**PROBLEM DESCRIPTION**
Skip the pictures, and retype the data below in full, exactly.

**WORKING DATA**

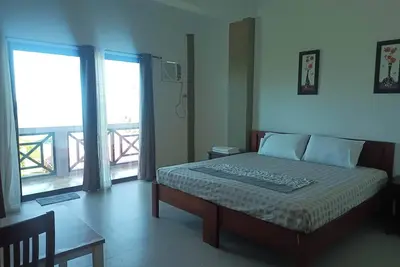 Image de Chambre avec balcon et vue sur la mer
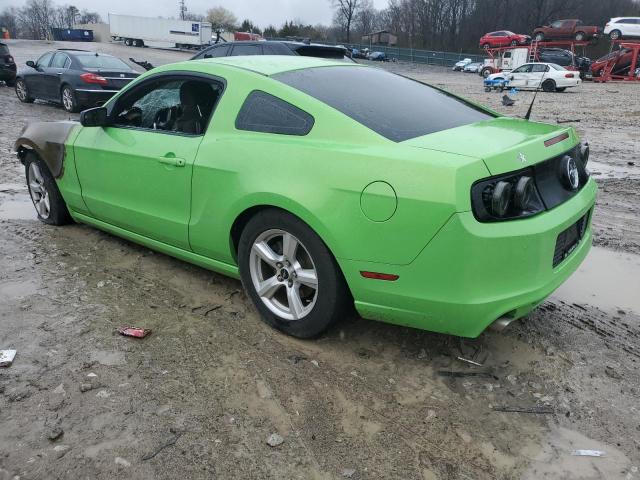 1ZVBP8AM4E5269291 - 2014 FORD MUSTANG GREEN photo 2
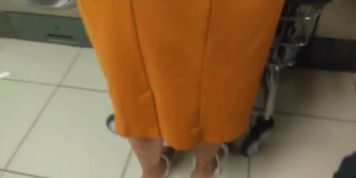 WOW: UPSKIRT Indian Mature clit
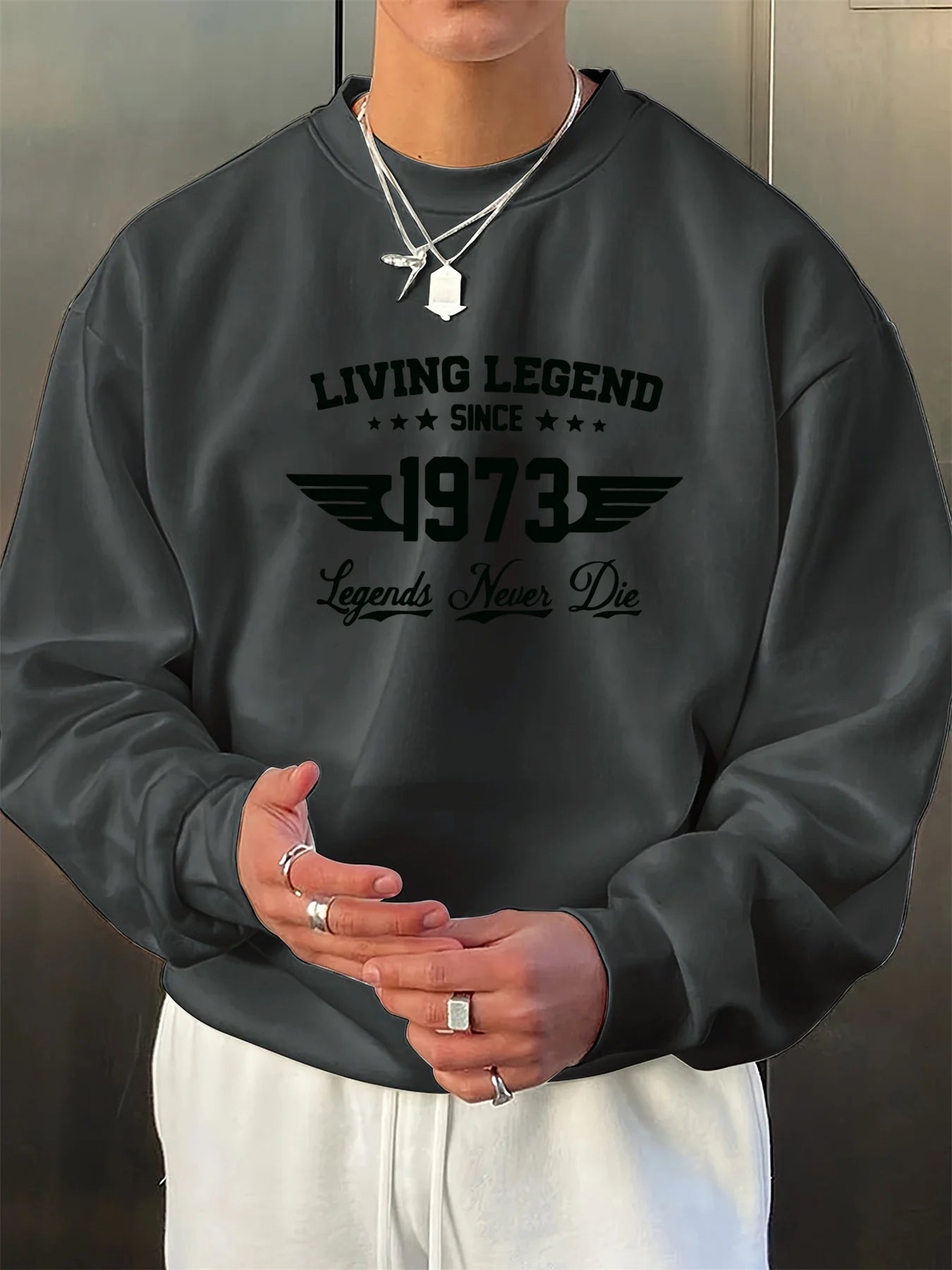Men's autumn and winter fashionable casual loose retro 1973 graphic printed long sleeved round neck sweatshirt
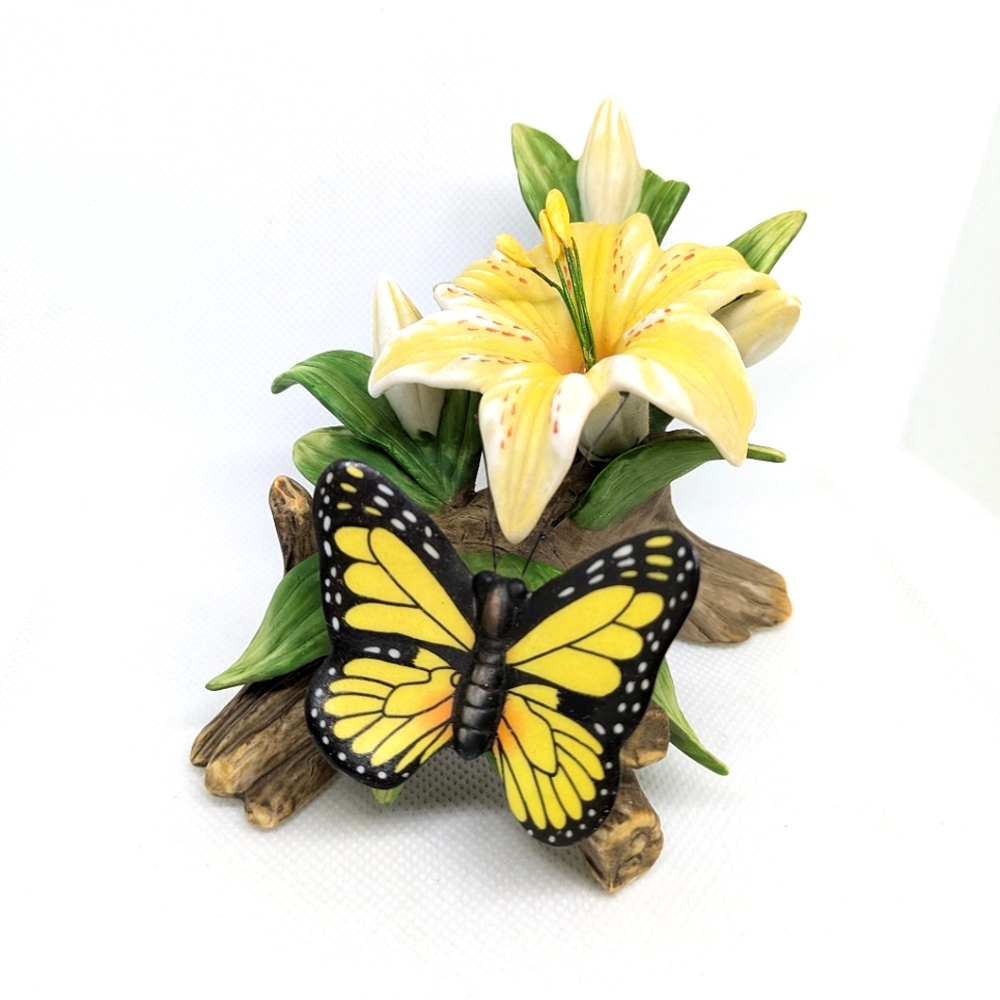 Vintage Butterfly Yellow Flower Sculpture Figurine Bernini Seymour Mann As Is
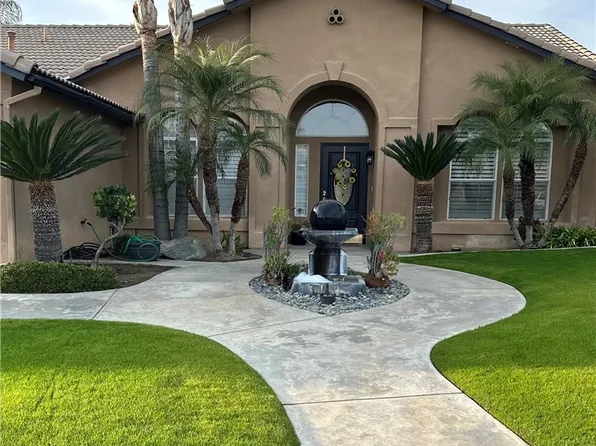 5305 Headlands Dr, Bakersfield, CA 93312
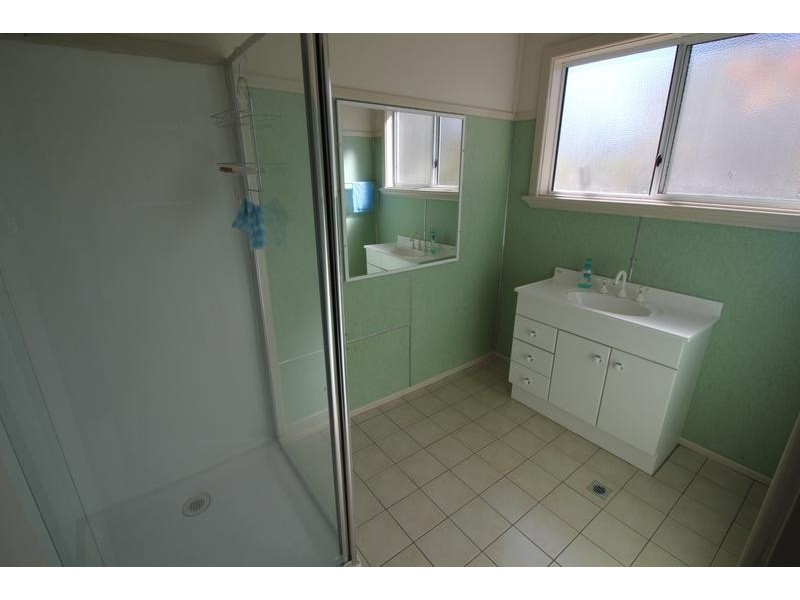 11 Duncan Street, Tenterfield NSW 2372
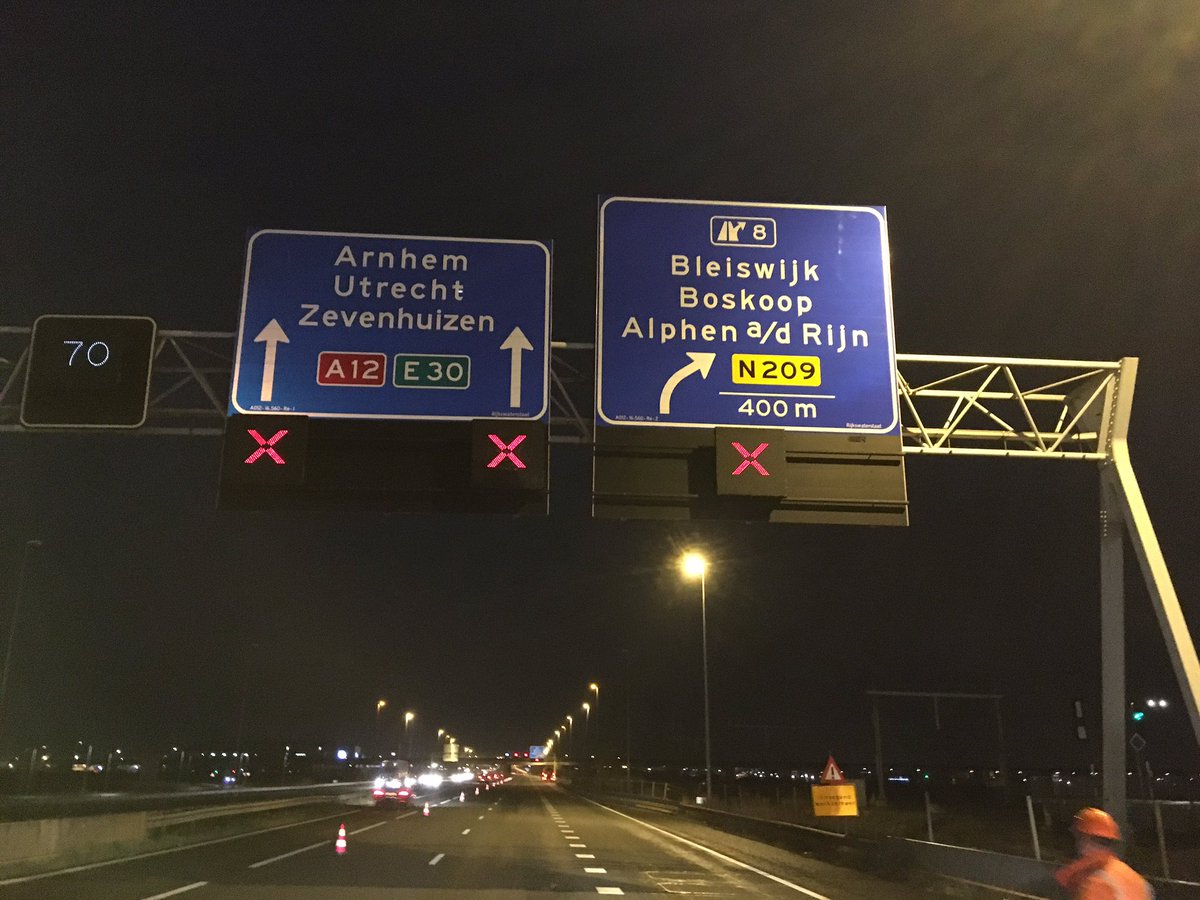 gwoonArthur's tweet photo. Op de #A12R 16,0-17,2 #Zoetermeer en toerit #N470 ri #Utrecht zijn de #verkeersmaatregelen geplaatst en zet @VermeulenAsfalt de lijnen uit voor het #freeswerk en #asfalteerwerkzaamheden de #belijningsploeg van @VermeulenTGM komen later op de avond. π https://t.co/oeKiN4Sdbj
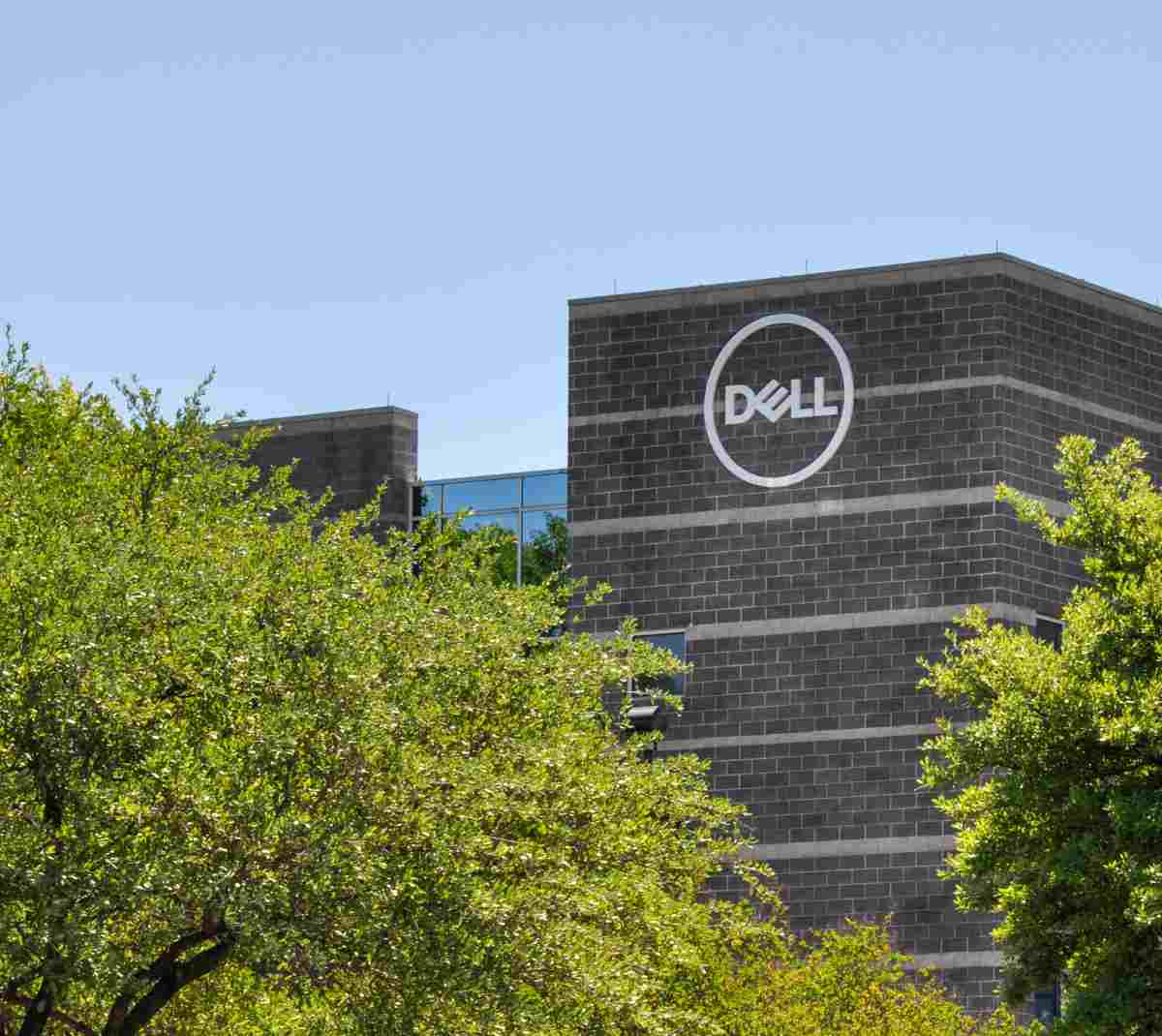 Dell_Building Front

**SOLUTION TO THE EXERCISE**
 Image de Chambre avec balcon et vue sur la mer
 1ZVBP8AM4E5269291 - 2014 FORD MUSTANG GREEN photo 2
 WOW: UPSKIRT Indian Mature clit
Men's autumn and winter fashionable casual loose retro 1973 graphic printed long sleeved round neck sweatshirt
 Vintage Butterfly Yellow Flower Sculpture Figurine Bernini Seymour Mann As Is
 5305 Headlands Dr, Bakersfield, CA 93312
 11 Duncan Street, Tenterfield NSW 2372
 gwoonArthur's tweet photo. Op de #A12R 16,0-17,2 #Zoetermeer en toerit #N470 ri #Utrecht zijn de #verkeersmaatregelen geplaatst en zet @VermeulenAsfalt de lijnen uit voor het #freeswerk en #asfalteerwerkzaamheden de #belijningsploeg van @VermeulenTGM komen later op de avond. π https://t.co/oeKiN4Sdbj
 Dell_Building Front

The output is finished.